What is the right way to display generative art?  After having developed a fairly substantial collection of algorithmic art pieces, running them in a browser or cluttered computer desktop left me wanting. In 2014, I set out to build this display device to showcase the work in a more direct way, without the distracting UI clutter and gear that accompanies the typical interaction with technology.

Cement, Light and Time

Building a binary clock is a rite of passage for artists interested in exploring electronics. There is a subversive edge in over-designing it to the extent that its alleged primary purpose becomes obfuscated until all that is left is the contemplation of mysterious patterns. My version of this endeavor involves contrasting the immateriality of light with the weight and cold smoothness of polished cement. But it DOES tell time, although by the time you’ve decoded the bits, the time will be different.
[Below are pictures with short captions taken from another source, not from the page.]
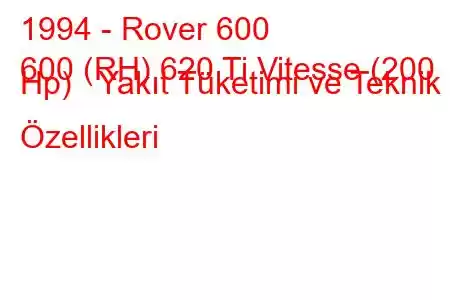 1994 - Rover 600
600 (RH) 620 Ti Vitesse (200 Hp) Yakıt Tüketimi ve Teknik Özellikleri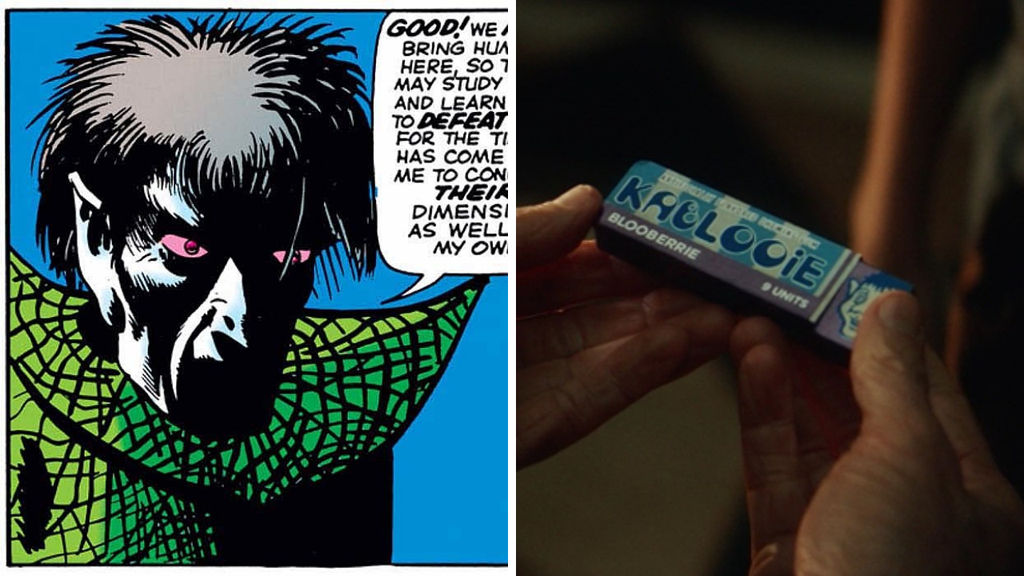 Além de várias menções ao nome pesadelo, a bala traz um desenho parecido com o pesadelo das HQs (Imagem: Reprodução/Disney+, Marvel Comics)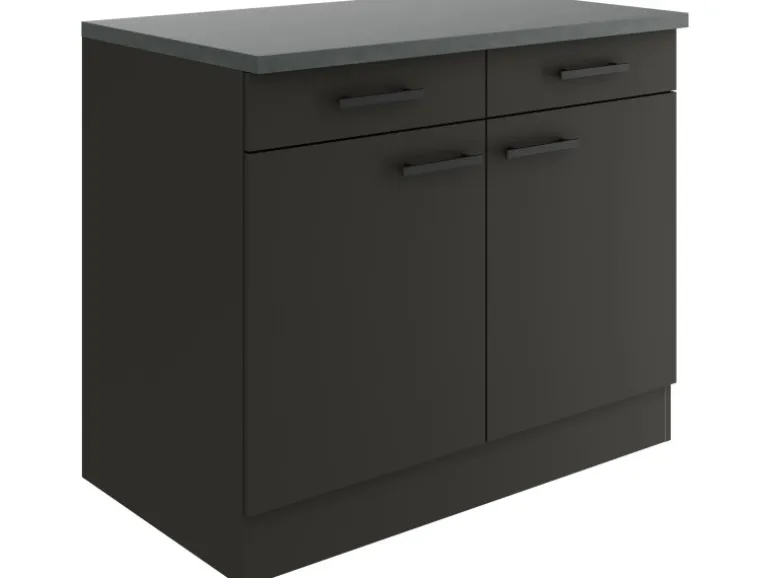 OPTIFIT Madrid420 Küchen-Unterschrank 100 cm Anthrazit Matt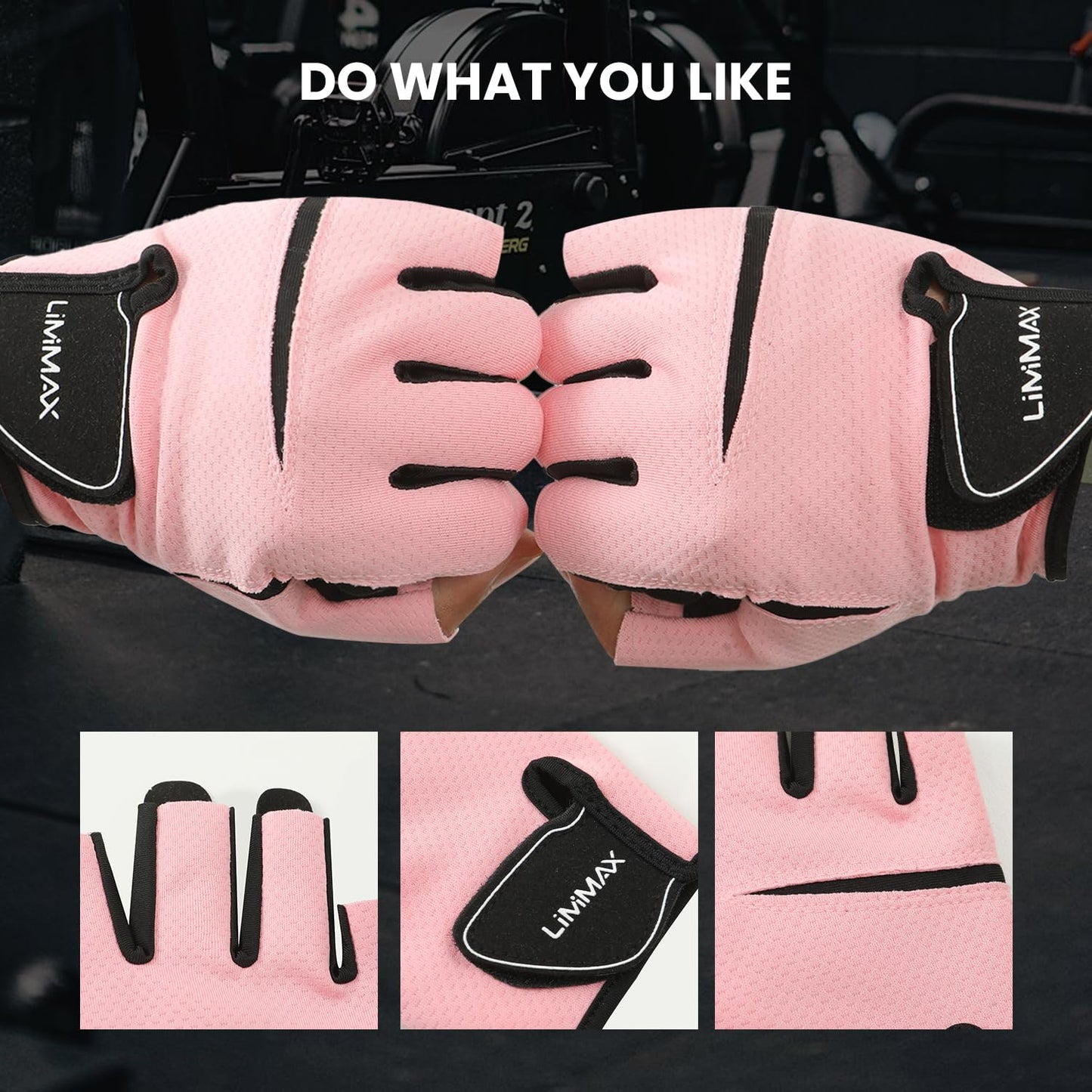 LiMiMAX Workout Gloves for Women & Men, Breathable Half Finger Gym Gloves with Non-Slip Padded Palm, Lightweight Fitness Gloves for Weight Lifting, Cycling, Crossfit, Training, Pink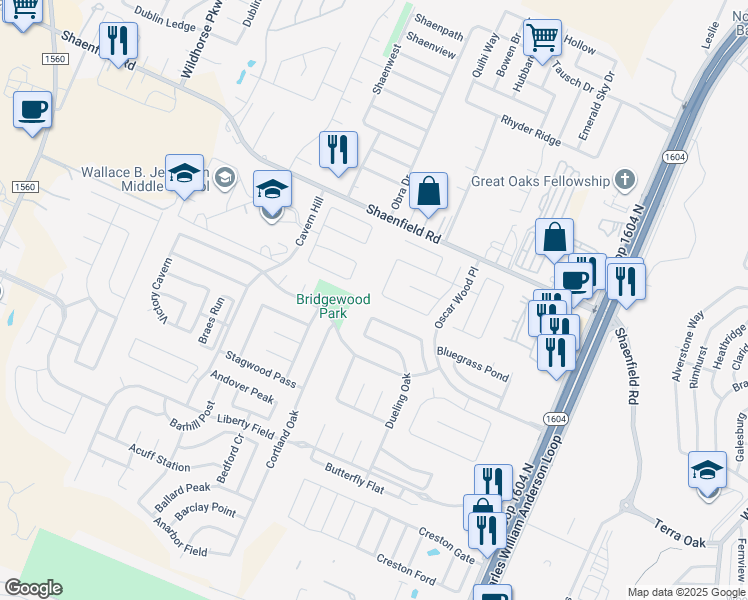 map of restaurants, bars, coffee shops, grocery stores, and more near 10658 Cavelier Point in San Antonio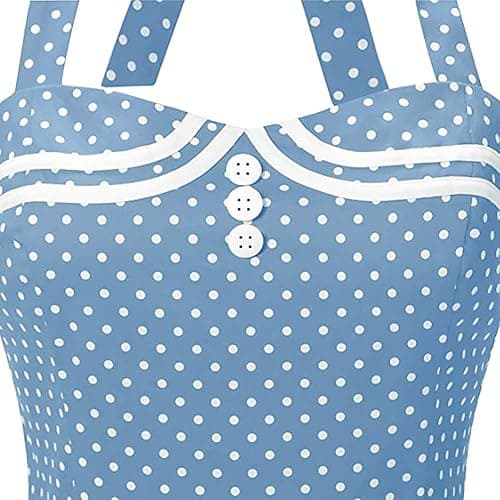 Vintage Women 1950s Rockabilly Swing Dress Pinup 50s Retro Hepburn Style Halterneck A-Line Dresses thumbnail 2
The clock's circuit board was designed with an atmel MPU, bit-shift registers to address the individual LEDs, an RTC chip to keep accurate time, and a voltage regulator.

Tintype Photography

Learning the process of wetplate photography opens up the door to the magic of light. I worked with Sari and Jason Madsen at Tintypebooth doing tintype portraits at street fairs. This process, which was  commonly used at the end of the 19th century, remains both surprisingly simple and wondrous at the same time. I never got over the excitement of seeing the cloudy swirl of the chemicals float off the plate to magically reveal the traces of captured light.

Panoramic Photography

Along with providing necessary data for VFX production, panoramas provide visual great datasets to explore creative uses of composition, sharpness, perspective and mood.

Generative Art

The label of “digital art” is often applied to work that use computers to simulate the look of traditional physical media even when the physical medium on which this visual grammar was evolved is no longer there. Ultimately, algorithms are to data what the paintbrush is to the canvas, and in both cases it is the job of the artist to apply the former to the latter in a way that reveals a universal truth. These images were generated using the Processing toolkit.